# Good News & Nice Things - Day 1 - New Moderator!



## Lorian (Apr 9, 2003)

I'm going to post something happy and positive every day this week :bounce:

Today I'd like to get the ball rolling by announcing @DiggyV as the first of our new Moderators.

DiggyV was nominated by existing members and received strong support from the Mods as well.

I think he'll be a great addition to the team and helping push the board forwards.

Welcome DiggyV!


----------



## Wheyman (Sep 6, 2011)

Lorian said:


> I'm going to post something happy and positive every day this week :bounce:
> 
> Today I'd like to get the ball rolling by announcing @DiggyV as the first of our new Moderators.
> 
> ...


great choice, very knowledgeable on fat burners and a nice guy.


----------



## marknorthumbria (Oct 1, 2009)

shows how much attention i pay i thought he was a mod already haha


----------



## DazUKM (Nov 22, 2012)

Grats Diggy


----------



## Bull Terrier (May 14, 2012)

Excellent choice! :thumb:


----------



## Spragga (Feb 16, 2009)

Well done @DiggyV mate........


----------



## Fatstuff (Mar 2, 2010)

marknorthumbria said:


> shows how much attention i pay i thought he was a mod already haha


Well done diggy.  couldn't think of anyone better.


----------



## 38945 (Nov 23, 2013)

Good choice


----------



## Queenie (May 30, 2013)

Definitely a fabulous choice  Well done @DiggyV x


----------



## DiggyV (May 6, 2011)

Thanks guys, very much appreciated. Bit of a shock, but will be giving it the attention and respect that is due.

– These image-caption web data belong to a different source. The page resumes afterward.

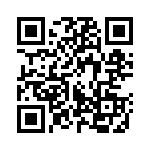 152106 QRCode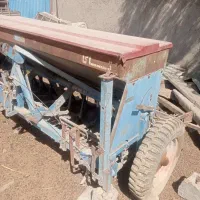 دریف کال|قطعات یدکی و لوازم جانبی|هندیجان, |دیوار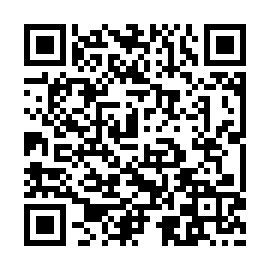 QR 659d72b
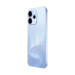Oppo Смартфон Oppo Reno15 FS 8/512GB Aurora Blue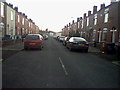 Buchanan Street, Swinton in M27 8HQ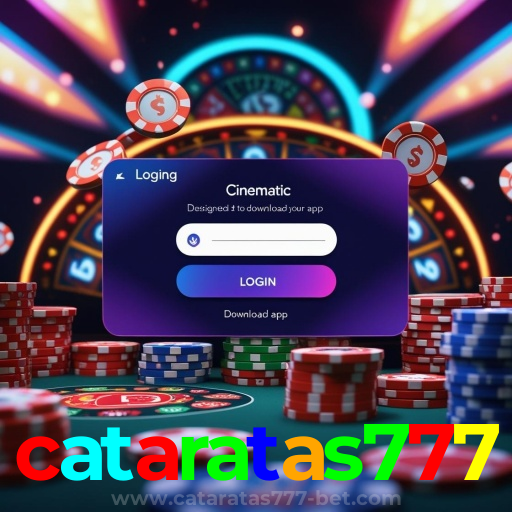 Os Melhores Jogos do cataratas777 Para Todos os Estilos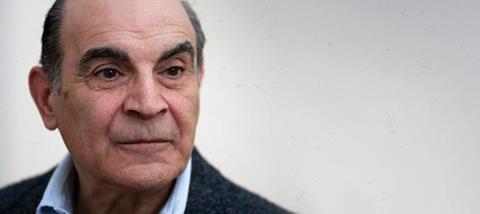 david-suchet-main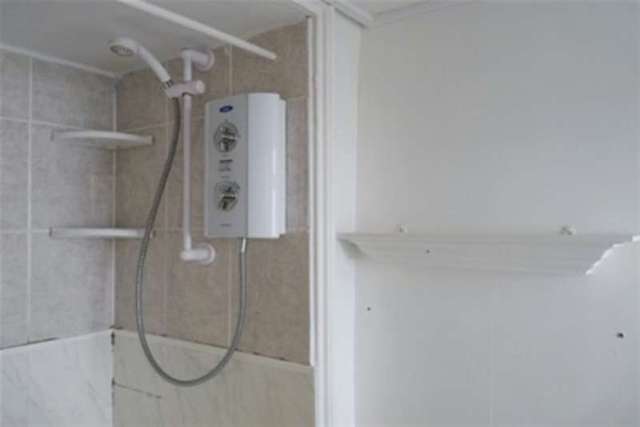  Image of 1 Bedroom Flat to rent at Marazion, TR17 0EB
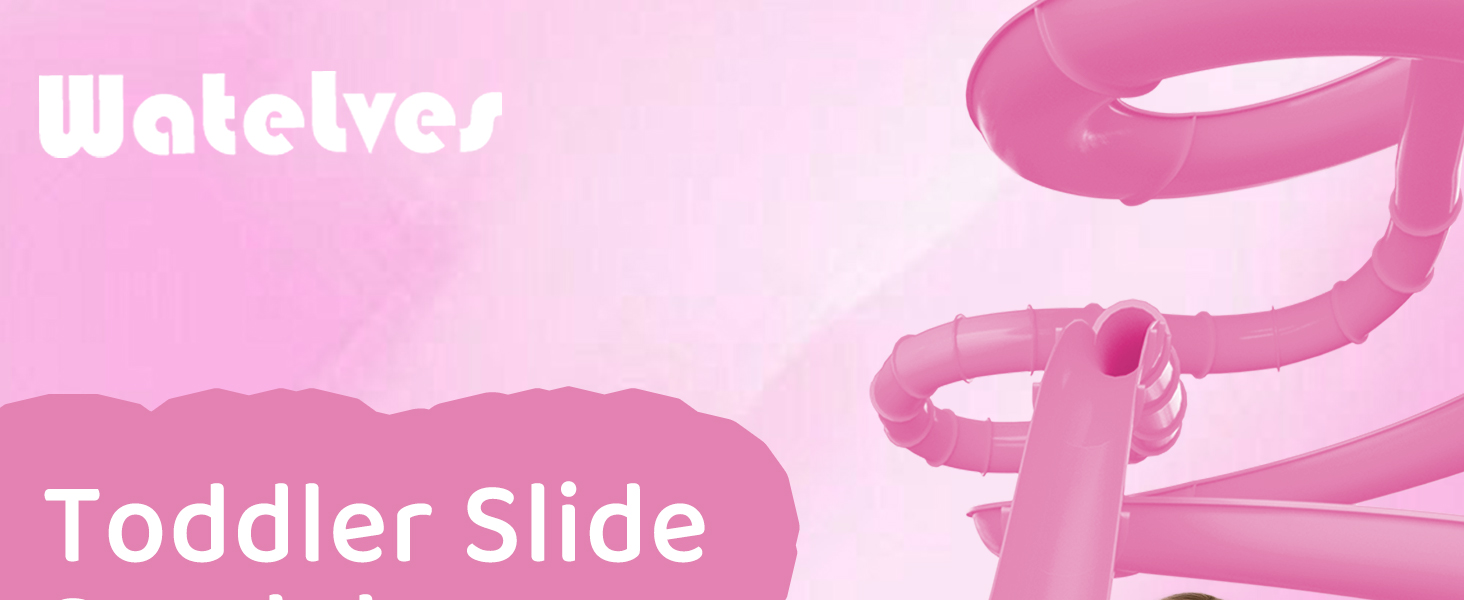 Watelves toddler slide sandals toddler sandals girls sandals boys slide sandals kids slide summer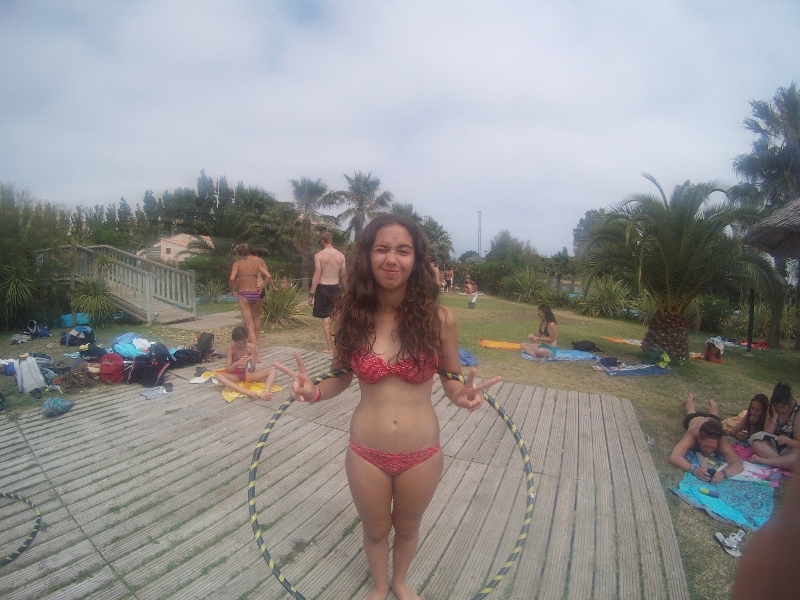 Village Camps International Summer Camp Ard&egrave;che, France 2019-07-26 https://www.villagecamps.com/journals_admin/images/926-1-18-07-2014 4 (800x533) (63).jpg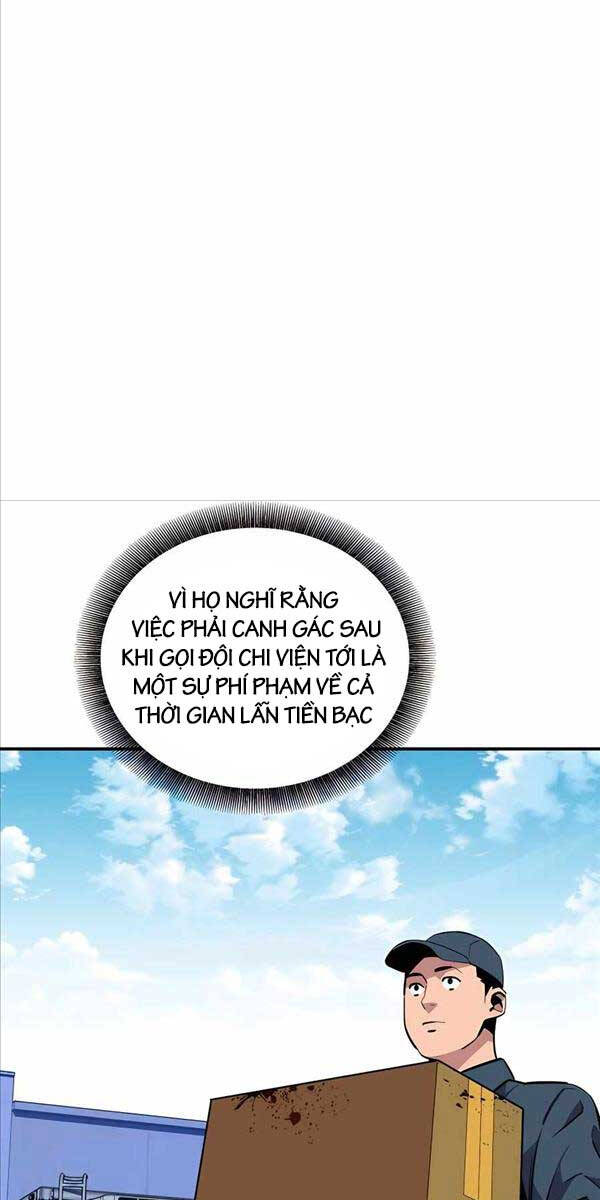 đi Săn Tự động Bằng Phân Thân Chap 55 - Next Chap 56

Unmarked tenners in plain brown wrappers care of my offshore bank account please...

:thumb:


----------



## MRSTRONG (Apr 18, 2009)

He's a top bloke aswell .


----------



## Huntingground (Jan 10, 2010)

Well done, our paths haven't really crossed yet and I plan to keep i that way now you are a mod


----------



## Tinytom (Sep 16, 2005)

Welcome mate


----------



## Sambuca (Jul 25, 2012)

nice


----------



## bigbob33 (Jan 19, 2009)

Good call


----------



## [email protected] (Dec 9, 2012)

Congratulations :thumb:


----------



## 3752 (Jan 7, 2005)

Welcome buddy


----------



## Hera (May 6, 2011)

Awesome to have you with us


----------



## Greshie (Jan 15, 2011)

Congratulations @DiggyV ... great choice!


----------



## Suprakill4 (Jul 11, 2008)

Congratulations mate. Not spoke to doggy personally but seems a real nice guy.


----------



## Robbie789 (Sep 6, 2012)

Congratulations Diggy


----------



## Fatstuff (Mar 2, 2010)

Suprakill4 said:


> Congratulations mate. Not spoke to doggy personally but seems a real nice guy.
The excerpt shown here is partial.